#### About this exercise
Could you retype only the lines from the one containing "Fabirc Lux Decor" through the final line of the entries, both included, skipping any images?

---- Material supplied

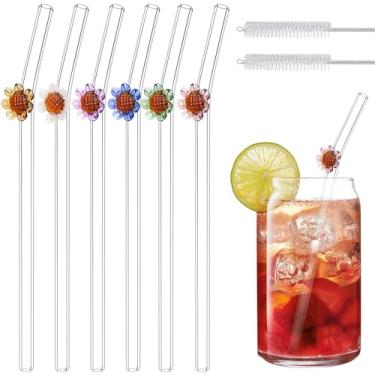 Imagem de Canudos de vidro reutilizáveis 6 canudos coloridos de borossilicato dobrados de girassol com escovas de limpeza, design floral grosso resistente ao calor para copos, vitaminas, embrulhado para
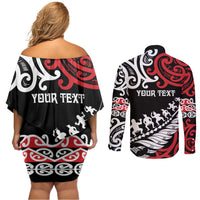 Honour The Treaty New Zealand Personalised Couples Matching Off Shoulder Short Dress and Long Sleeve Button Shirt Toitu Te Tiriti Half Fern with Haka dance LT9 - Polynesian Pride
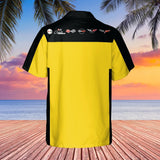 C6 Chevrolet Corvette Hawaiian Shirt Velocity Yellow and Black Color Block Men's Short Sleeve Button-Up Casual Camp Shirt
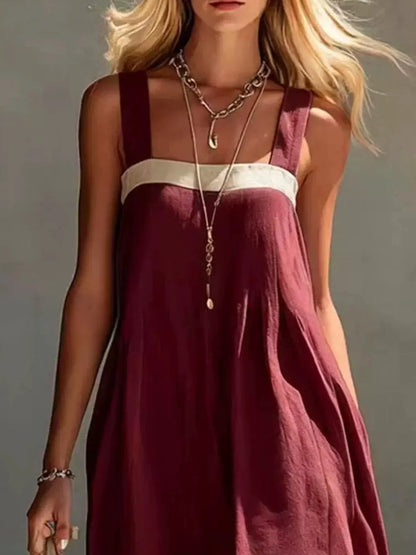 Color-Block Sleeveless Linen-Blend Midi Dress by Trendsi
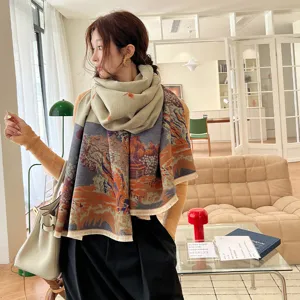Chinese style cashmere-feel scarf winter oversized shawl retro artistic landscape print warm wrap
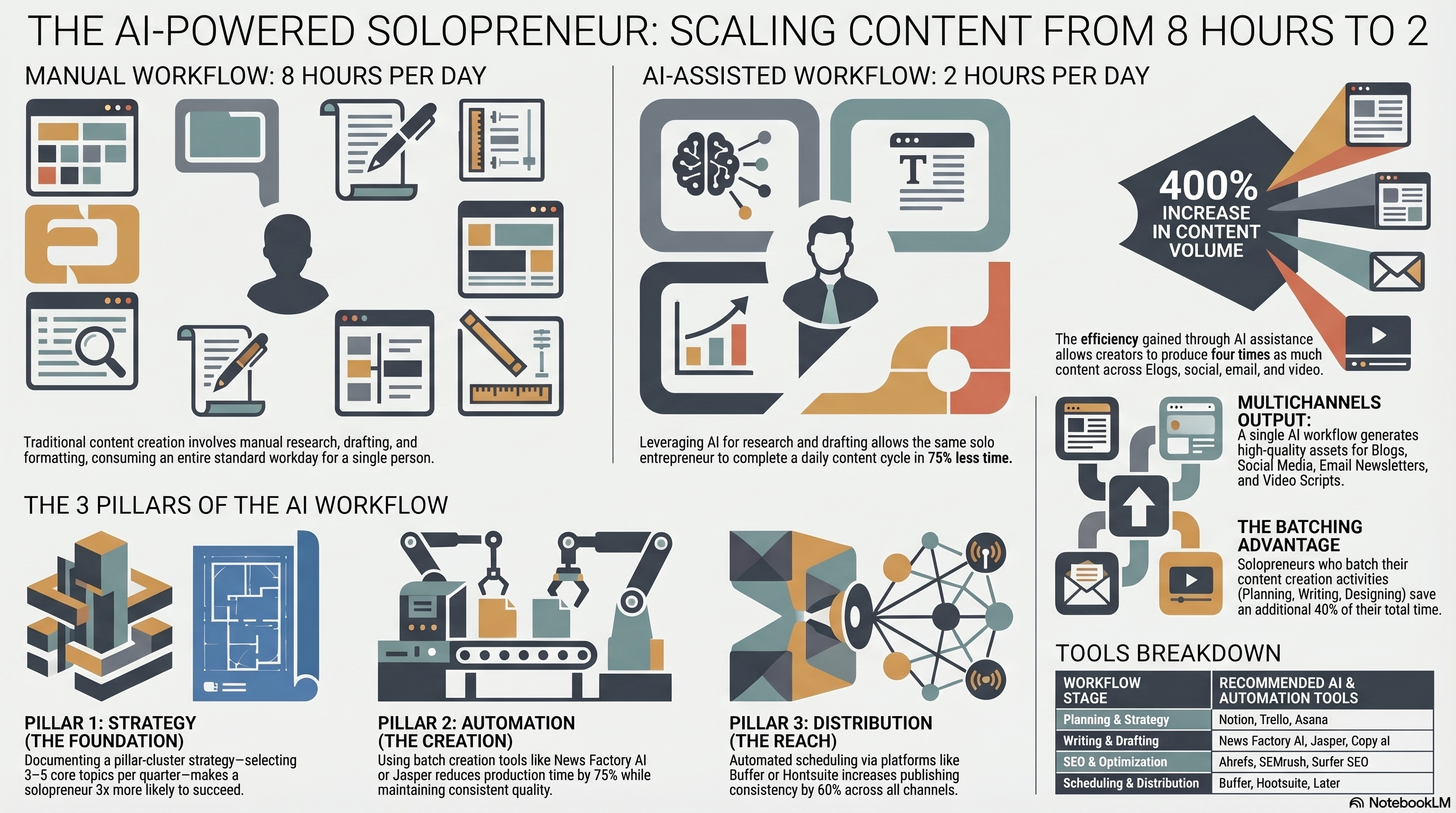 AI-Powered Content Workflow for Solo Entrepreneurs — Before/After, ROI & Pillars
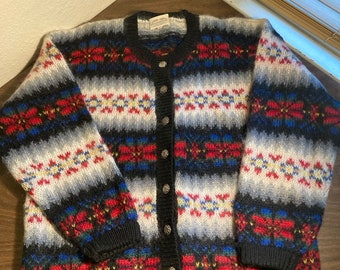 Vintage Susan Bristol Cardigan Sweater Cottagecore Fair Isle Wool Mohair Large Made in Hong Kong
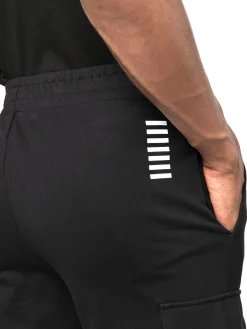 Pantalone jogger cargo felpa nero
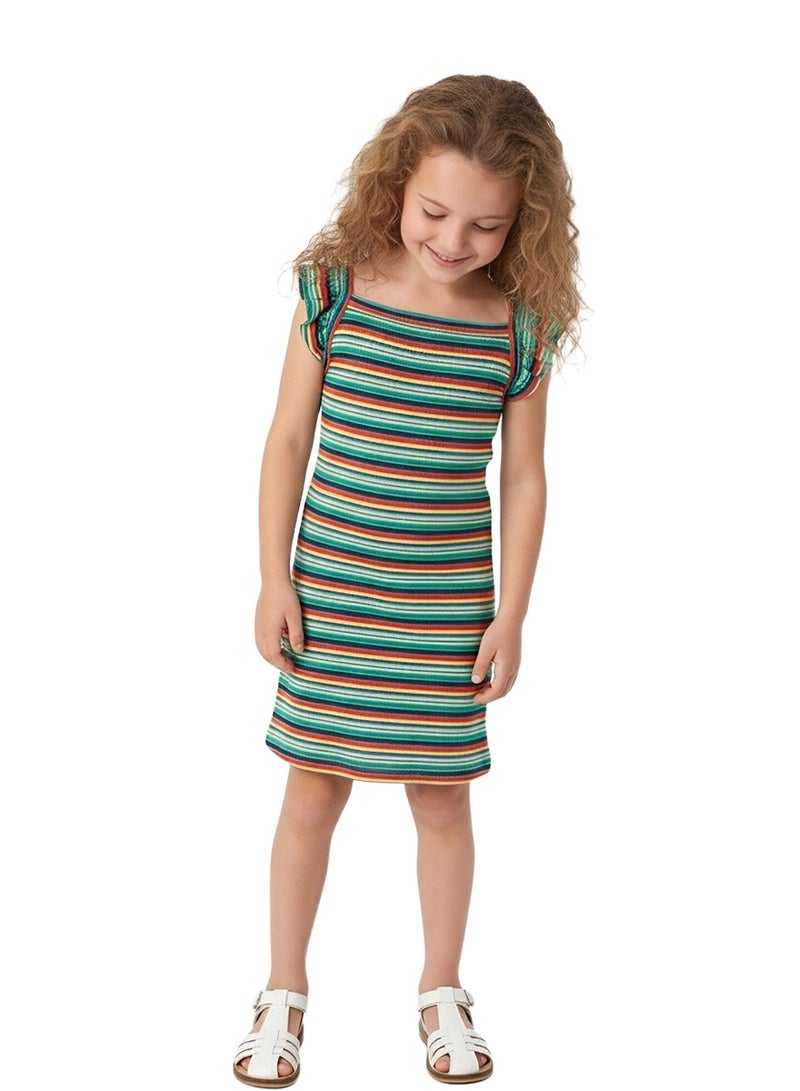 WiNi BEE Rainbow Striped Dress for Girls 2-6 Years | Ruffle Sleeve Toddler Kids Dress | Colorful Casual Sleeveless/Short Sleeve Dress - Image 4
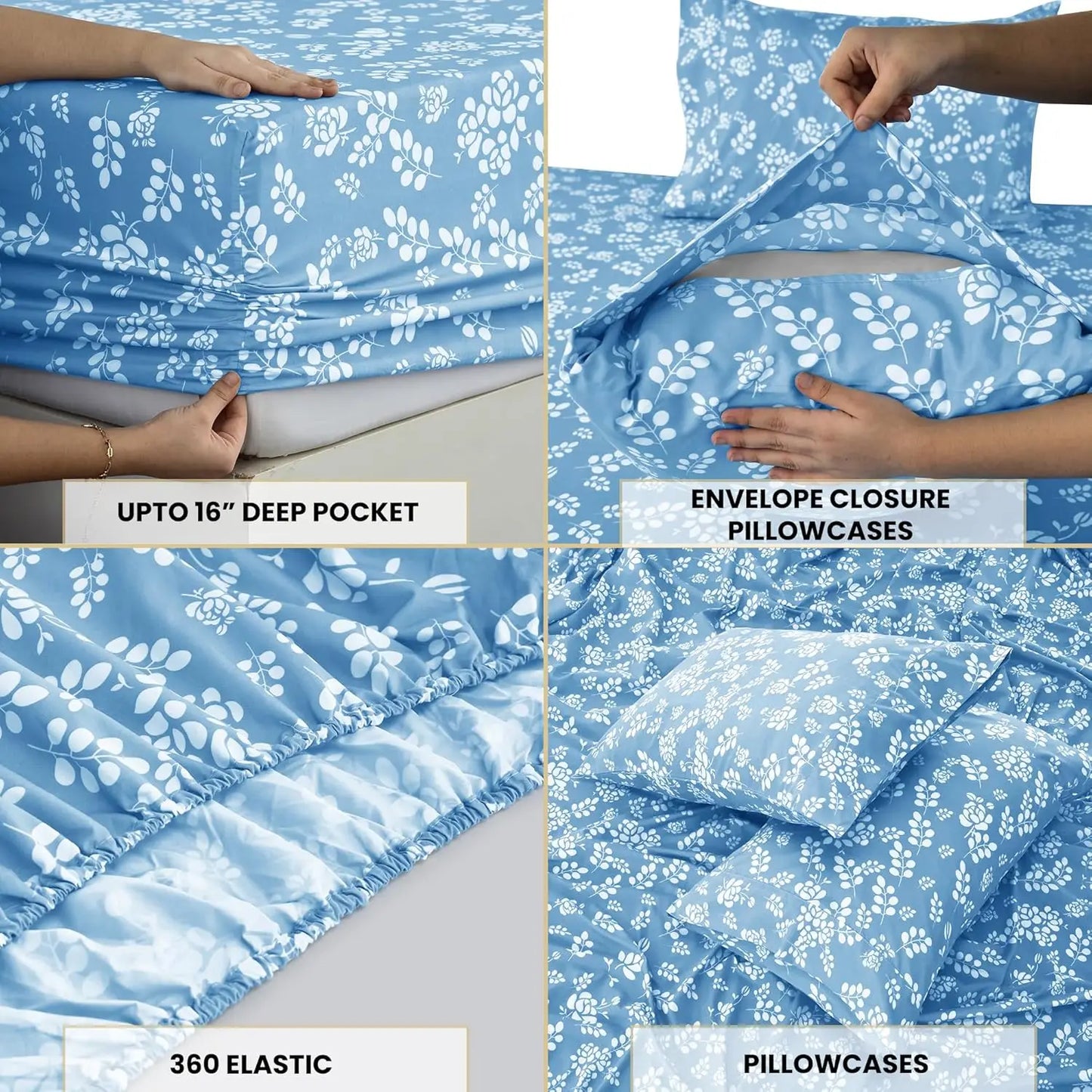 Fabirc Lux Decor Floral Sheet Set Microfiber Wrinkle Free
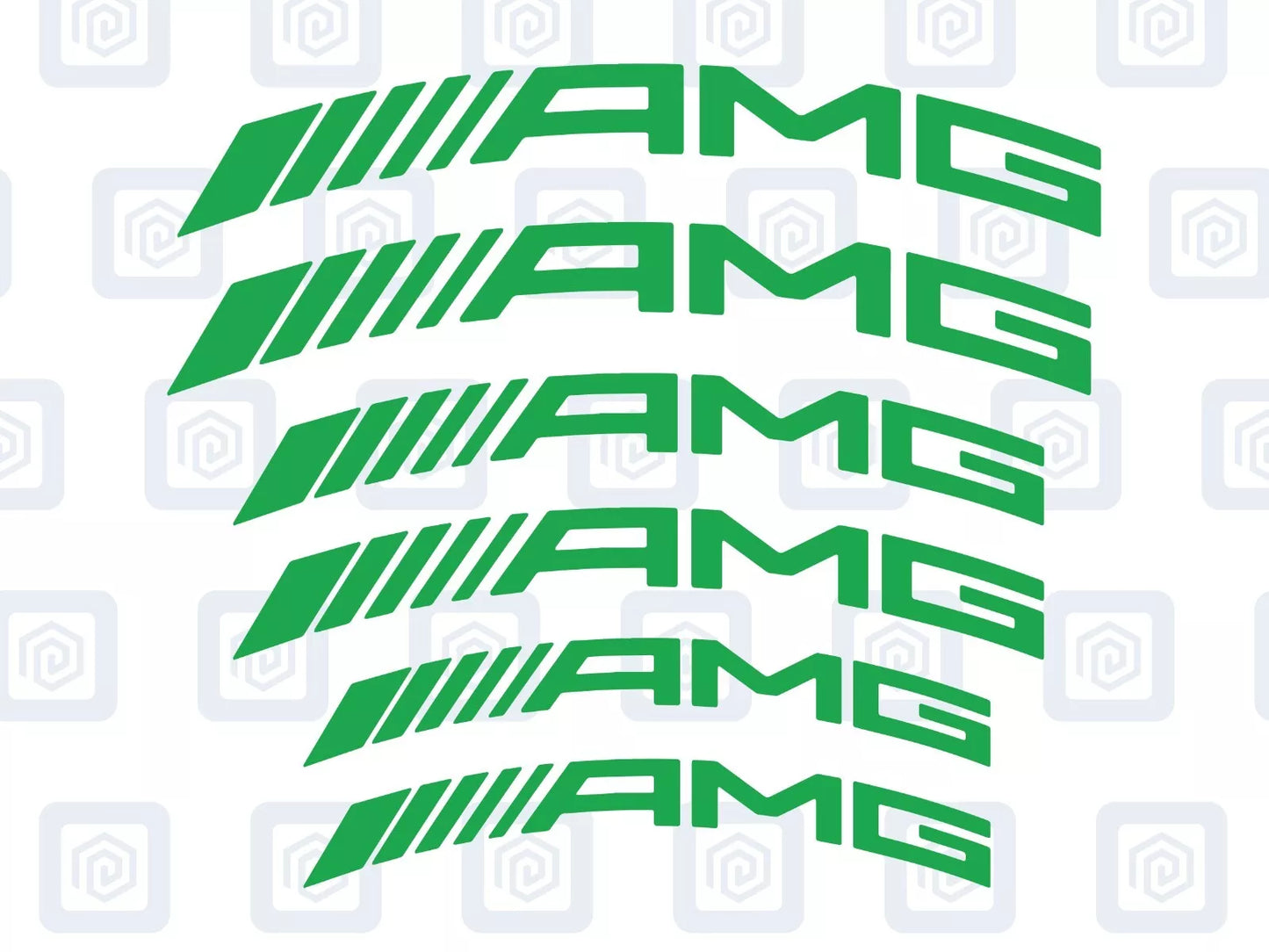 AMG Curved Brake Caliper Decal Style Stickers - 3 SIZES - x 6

--------

#### Reply to the exercise
 Fabirc Lux Decor Floral Sheet Set Microfiber Wrinkle Free
 AMG Curved Brake Caliper Decal Style Stickers - 3 SIZES - x 6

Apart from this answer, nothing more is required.